Санька … всячески поощрял мои занятия, тем
более, что все складывалось более-менее успешно. Дружба наша длилась более 10
лет. За бутылочкой водки мы говорили на житейские и философские темы, я читал
стихи, он рассказывал мне что-то из своей нелегкой жизни, которая в конце
концов и свела его в могилу. Основной причиной этого стали, я думаю, не бытовые
неурядицы, а именно служба в
Семипалатинске, где Санька перетаскивал какие-то черные ящики в ракетных
частях.
Впоследствии я столкнулся со многими
смертями тех, кто побывал на полигонах Семипалатинска и Новой Земли. Страна
мало думала о людях, их будущем, оборона и нападение требовали жертв,
«пушечного мяса». Большинство из тех, кто служил на этих полигонах, не доживали
до 40. Санька умер в 31 год после тяжелейшей операции в институте Вишневского,
где ему удалили почти весь желудок. Еще 4 года он прожил, а потом метастазы
пошли дальше и дружок мой превратился в ходячий скелет, растаял и лежит теперь
недалеко от Николая Якушева на Южном кладбище. Иногда я его навещаю, хотя
могилу находить все трудней на зарастающем кладбище.

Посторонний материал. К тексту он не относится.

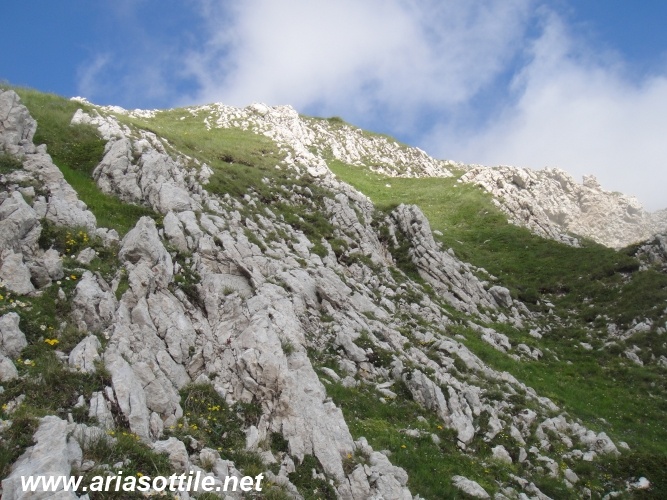 Dente del Lupo (2297 m)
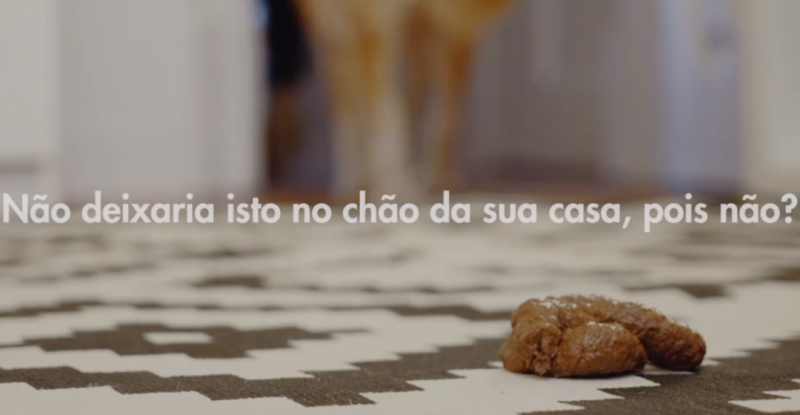 Registe e apanhe os dejetos do seu animal – a rua é a casa de todos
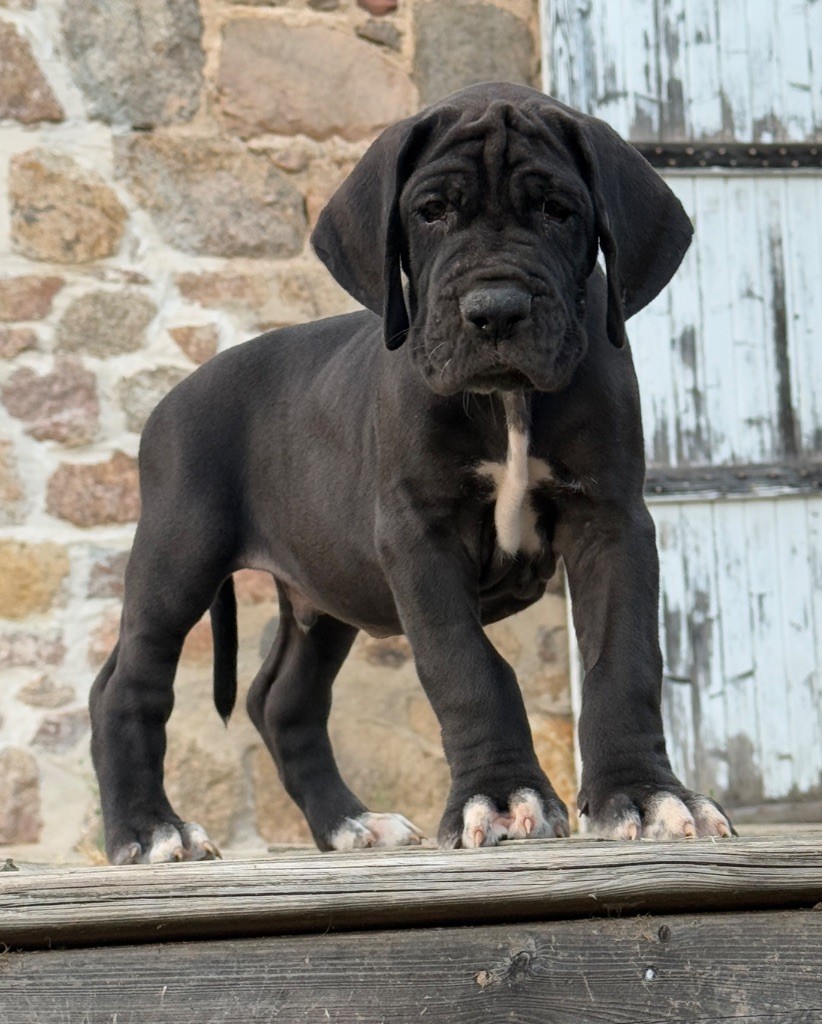 Au Royaume De Leyla - Chiots disponibles - Dogue allemand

Санька мучительно цеплялся за жизнь, но тщетно. Это был один из самых замечательных людей, с кем я встречался в своей жизни – Друг с большой буквы. У него осталась дочка, но ни ее, ни жену Надежду я не вижу. А с могильной фотографии друг спрашивает меня: «Ну, как, Серега, творишь. Оправдываешь авансы?» «Творю», – отвечаю я ему. Талант – лишь небесная влага, и насколько ты прокопаешь своим трудом русло, настолько можешь ожидать успеха, только тогда река станет полноводной. А копать, ох как нелегко!.. Я посвятил Сеньке несколько стихотворений, но его уход был для меня, конечно, большой потерей. Появились новые друзья, но никто из них не заменил мне Саню Силина, поскольку он был, если не другом детства, то другом юности, помнившим меня еще почти мальчишкой. А друзей детства у меня и вовсе не осталось, верней они живы, но пути наши разошлись. Кто-то из них угодил в тюрьму, кто-то спился, некоторые живут в Рыбинске, иногда встречаемся случайно.